■ What the exercise asks: Repeat everything from the first line of the listing below through the line that contains "Silhouette of young", exactly. Leave out pictures.

■ Provided records:
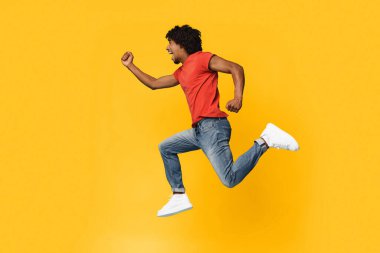 Kırmızı gömlekli genç bir adam sevinçle koşuyor, coşku ve canlılık gösteriyor. Parlak sarı arka plan, sahneye neşeli bir hava katıyor. Bu da özgürlük ve hareket hissi veriyor..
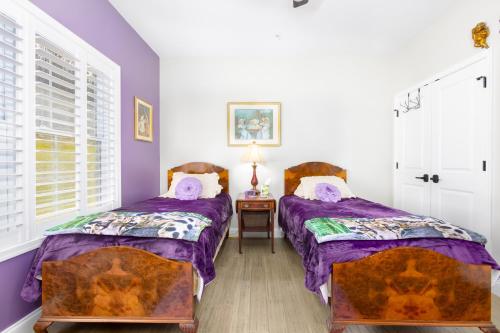 two beds in a room with purple and white walls at Deep Creek Retreat Hot Tub 85 inchTV all one level in Accident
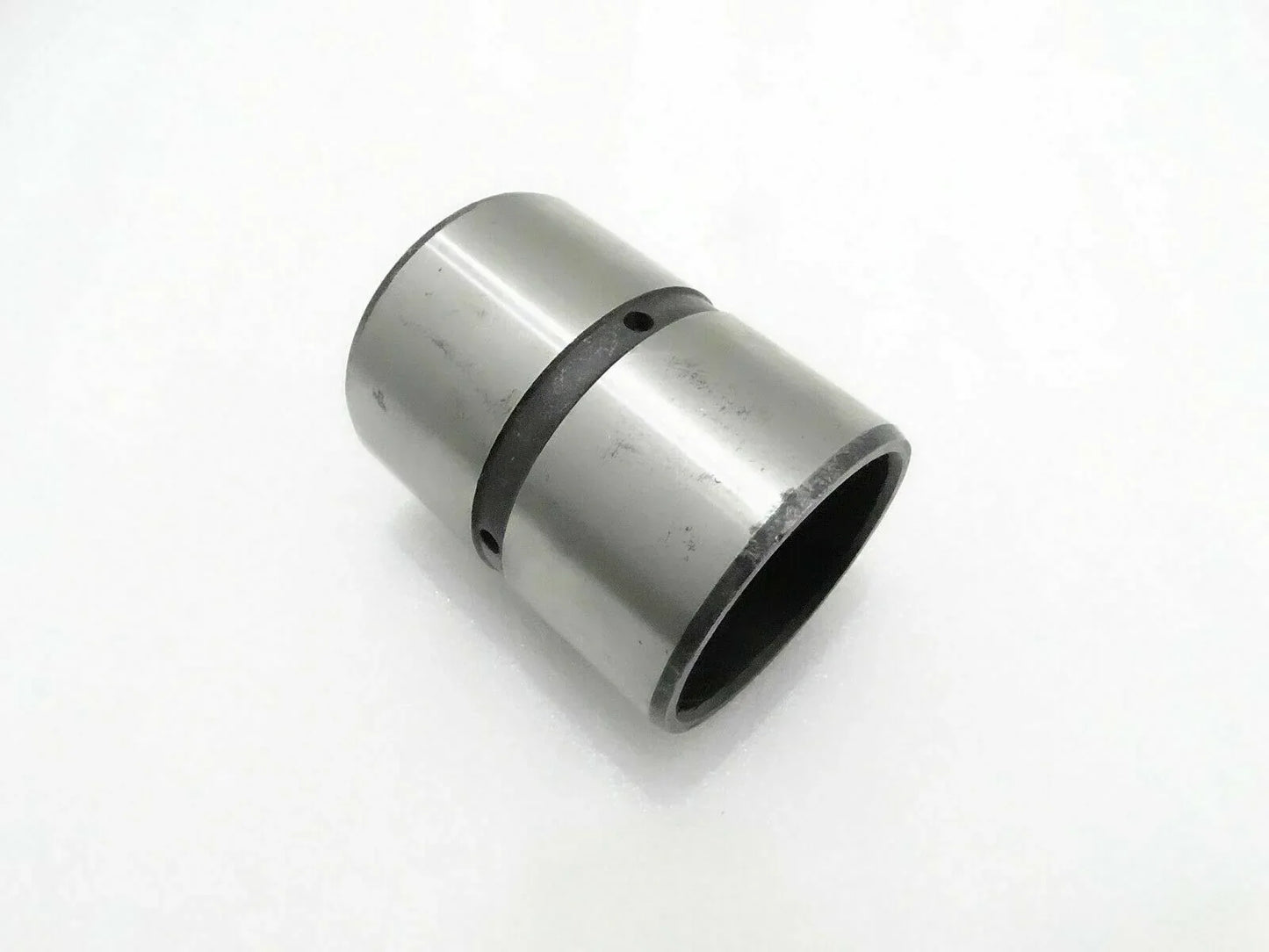 Cylindrical metal bushing with dark rubber ring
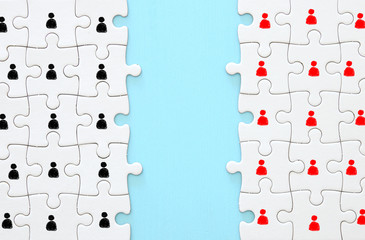 image of puzzle with people icons over wooden table ,human resources and management concept.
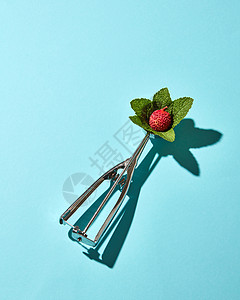 创意构图荔枝水果与薄荷叶金属勺子冰淇淋蓝色璃背景图片
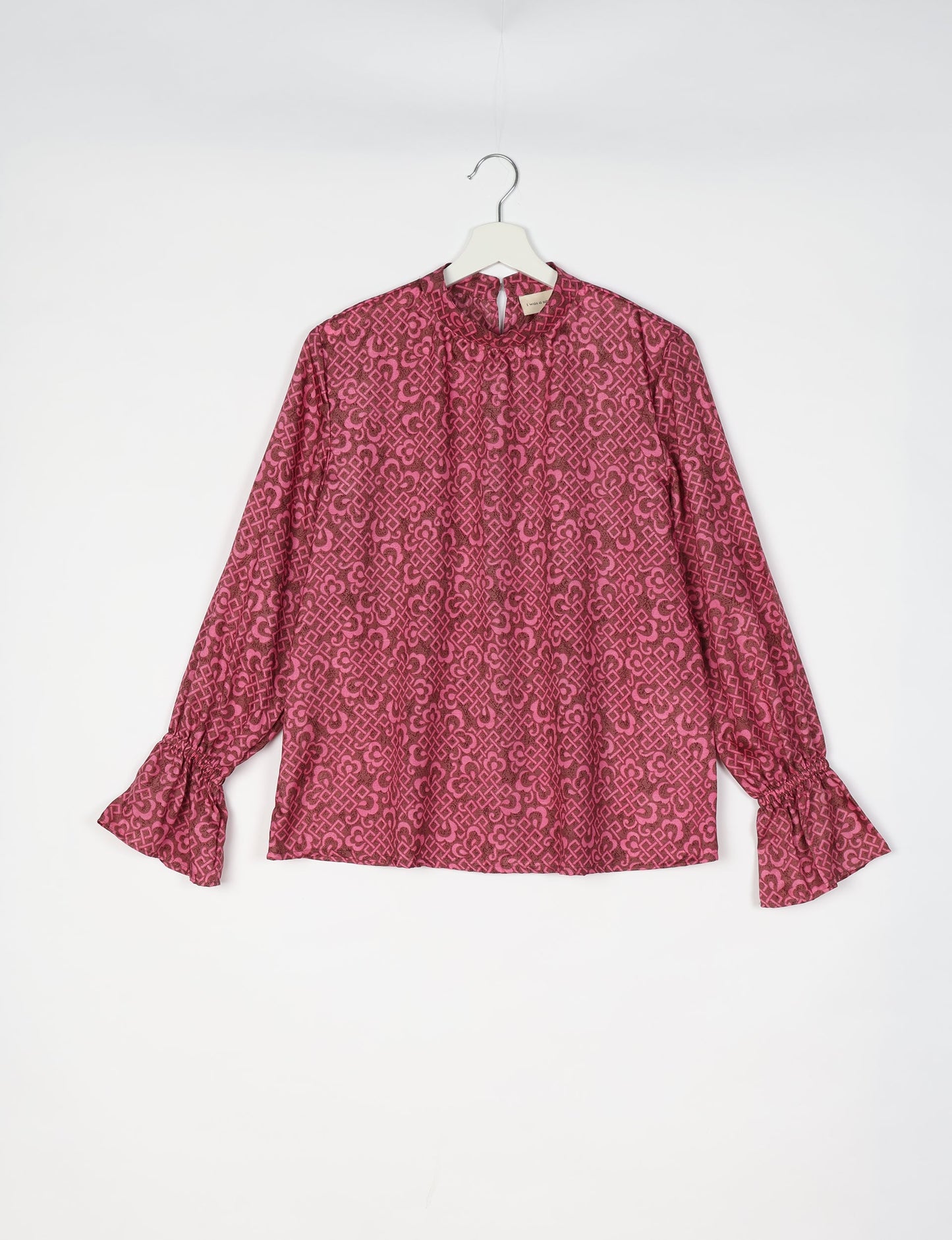 Flowing blouse with peasant sleeves and gathered neckline made from upcycled garments and repurposed clothing, showcasing eco clothing and fair trade fashion in a stylish, comfortable design.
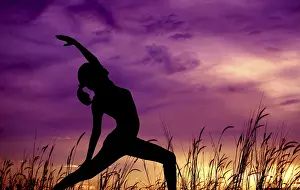Silhouette of young woman doing yoga at outdoor park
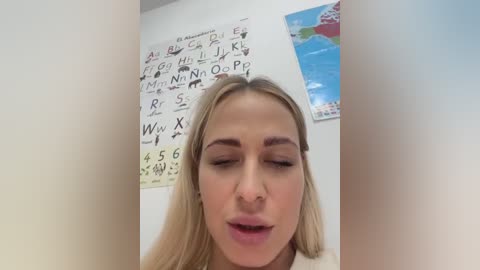 Media: Video of a young blonde woman with closed eyes, possibly in a classroom setting, with whiteboard posters and colorful maps in the background.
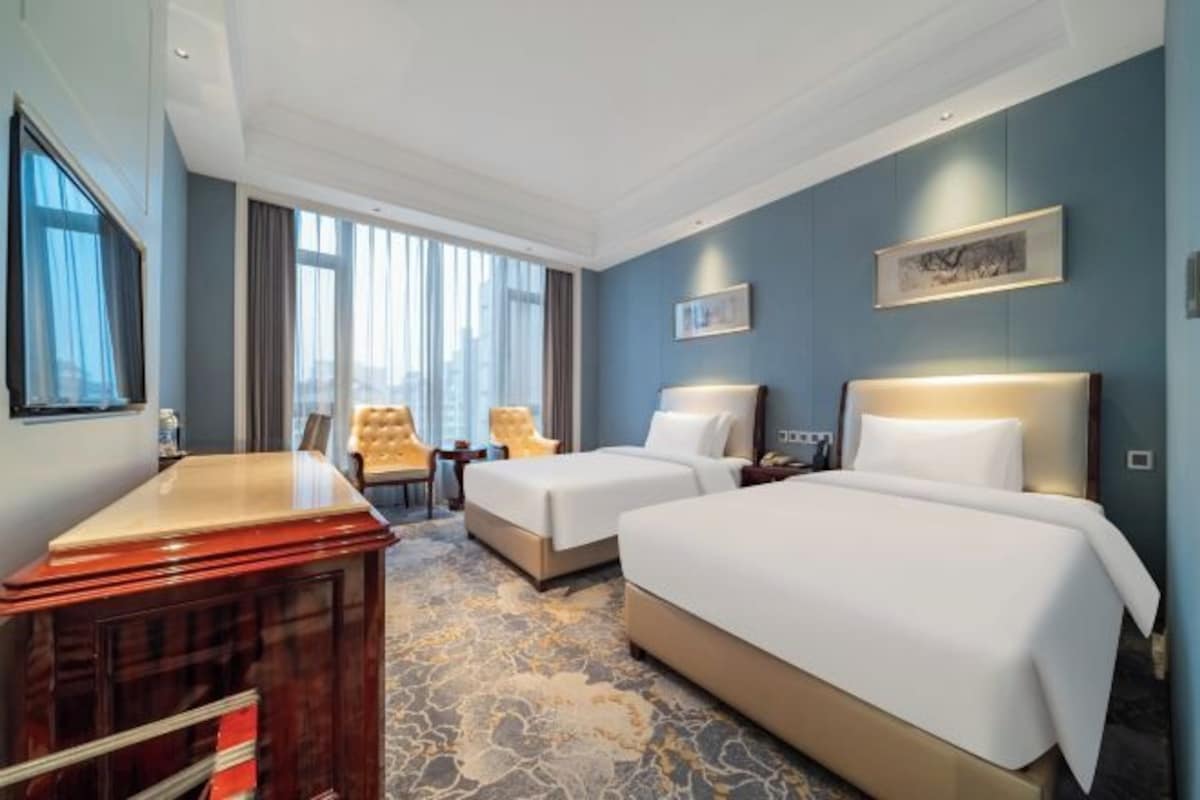 Une chambre d’hôtel avec deux lits, un bureau, une chaise et une grande fenêtre.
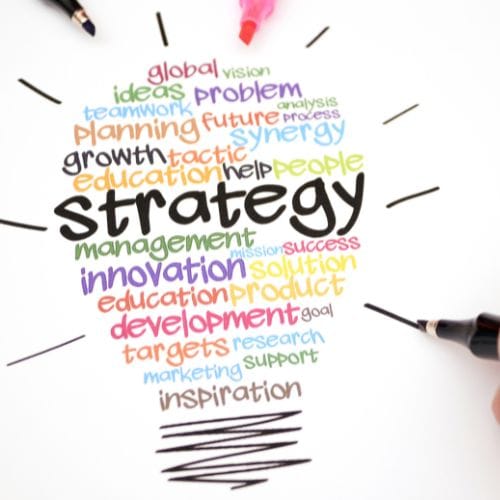 17 A lightbulb shape formed by colorful words like strategy, innovation, growth, and education on a white background.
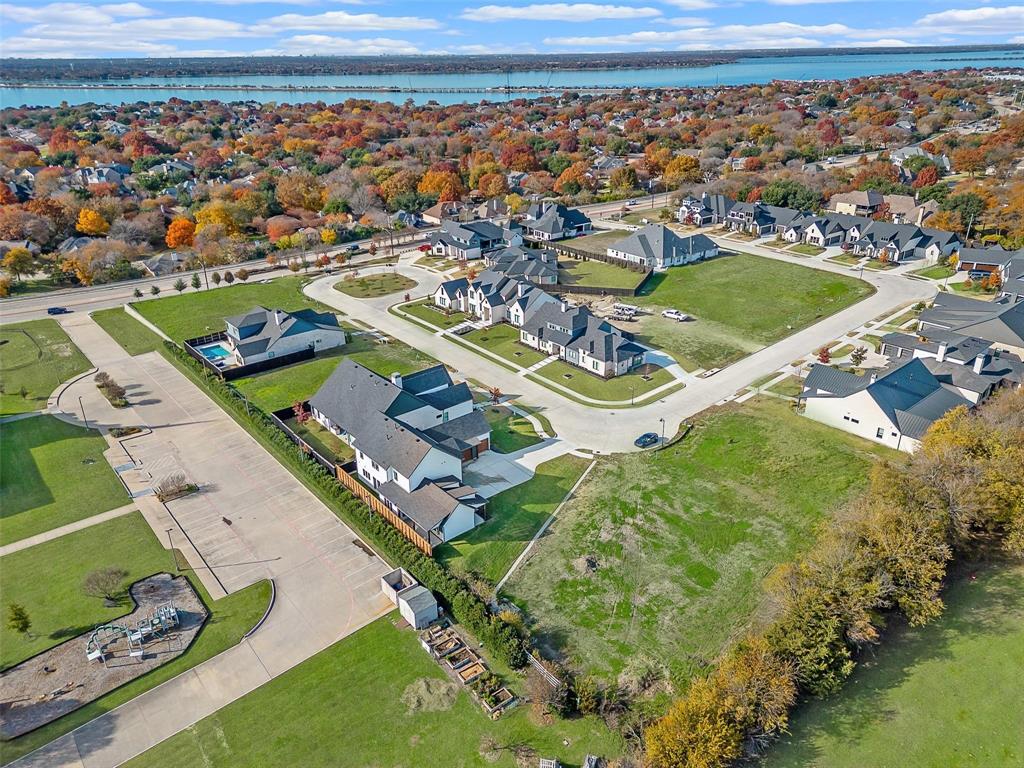 Spacious residential community with varied architectural styles, green spaces, and paved roads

■ Reply:
 Kırmızı gömlekli genç bir adam sevinçle koşuyor, coşku ve canlılık gösteriyor. Parlak sarı arka plan, sahneye neşeli bir hava katıyor. Bu da özgürlük ve hareket hissi veriyor..
 two beds in a room with purple and white walls at Deep Creek Retreat Hot Tub 85 inchTV all one level in Accident
 Cylindrical metal bushing with dark rubber ring
 image of puzzle with people icons over wooden table ,human resources and management concept.
 创意构图荔枝水果与薄荷叶金属勺子冰淇淋蓝色璃背景图片
 Flowing blouse with peasant sleeves and gathered neckline made from upcycled garments and repurposed clothing, showcasing eco clothing and fair trade fashion in a stylish, comfortable design.
Silhouette of young woman doing yoga at outdoor park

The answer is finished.